We've had our GSD pup (1 yr old-ish female) for almost 3 weeks now. She will eventually switch to raw, but for now I have given her raw marrow bones to satisfy her insatiable need to chew. Some of these have wider necks and she is such a chewer that she actually chips bone off of the pieces- I'm worried she'll hurt her teeth. Today I got three 5" long pork neck bones that seem to have a good amount of meat on them as well. I was going to freeze them and give them to her frozen to chew. Is this an okay thing to give her, and should I take it away when most of the meat is off? I read some people saying pork neck isn't safe and others saying it is. She's eating a grain-free kibble right now. Thanks for your help!


----------



## mspiker03 (Dec 7, 2006)

I consider pork necks an RMB and not a recreatioinal bone (I feed raw). They are usually pretty boney, and if your dog eats them, she may need some additional MM so she doesn't get constipated. 

I personally don't give my dogs marrow bones - I have seen several people comment that because they are so dense that dogs chip their teeth on them.


----------



## Jax08 (Feb 13, 2009)

I use pork necks as RMB's also.

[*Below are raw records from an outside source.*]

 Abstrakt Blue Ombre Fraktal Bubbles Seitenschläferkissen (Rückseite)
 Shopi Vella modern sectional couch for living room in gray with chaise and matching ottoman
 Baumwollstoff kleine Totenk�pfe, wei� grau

Jax chews through those, even partially frozen, in a few minutes.


----------



## Runswithdogs (May 8, 2010)

Yes, i'm worried about when we switch Regen to raw because she bolts down EVERYTHING. Food, chews...she was a stray before we adopted her.
With all the stories of bloat, impaction, bowel perforation, I'm nervous about feeding her things she needs to chew and watch her inhale them whole!
For example, the Costco 12" bully sticks are half gone in 5 minutes flat.


----------



## onyx'girl (May 18, 2007)

You can give a fresh knuckle bone for a recreational chew. It has beneficial cartelidge and the bone isn't as hard as the marrow bone. And there is no marrow to cause runny poo, or a spot to catch the jaw. 
Toss it, before it dries out causing splinters.


----------



## mspiker03 (Dec 7, 2006)

Runswithdogs said:


> Yes, i'm worried about when we switch Regen to raw because she bolts down EVERYTHING. Food, chews...she was a stray before we adopted her.
> With all the stories of bloat, impaction, bowel perforation, I'm nervous about feeding her things she needs to chew and watch her inhale them whole!
> For example, the Costco 12" bully sticks are half gone in 5 minutes flat.

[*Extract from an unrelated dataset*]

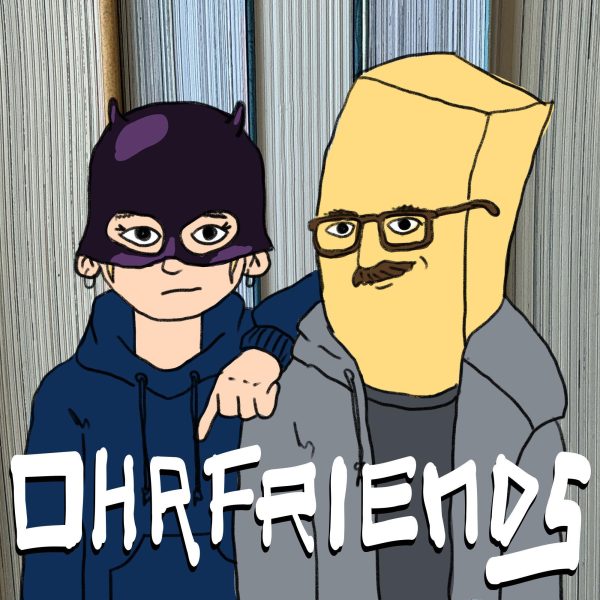 Cover für Ohrfriends, Comiczeichnung: Stella mit Ghost-World-Sexshop-Batman-Maske, Kuba als Pommes aus der Armee von Aglaé, gelb und quaderig.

I would feed partially frozen foods and start with something like chicken quarters and hold them so that she is forced to chew.


----------



## tatiana (Feb 3, 2010)

My puppy has been on raw for 3 months now. 

The only advice I have to offer is remove the skins to start. I wish I had known to do that because that fatty skin can cause some impressive pooping. Breast meat is less fatty than leg quarters so you may want to start there and gradually introduce fattier meat.


----------



## Runswithdogs (May 8, 2010)

Lol...I'm learning about her picky pooing, she had some canned 95% buffalo frozen in a kong and apparently that = a morning of diarrhea. Oops.


----------



## Jax08 (Feb 13, 2009)

Skins have nutrients in them also. I try to limit the amount of excessive fat on a piece of meat but try to keep some skin in their meals.


----------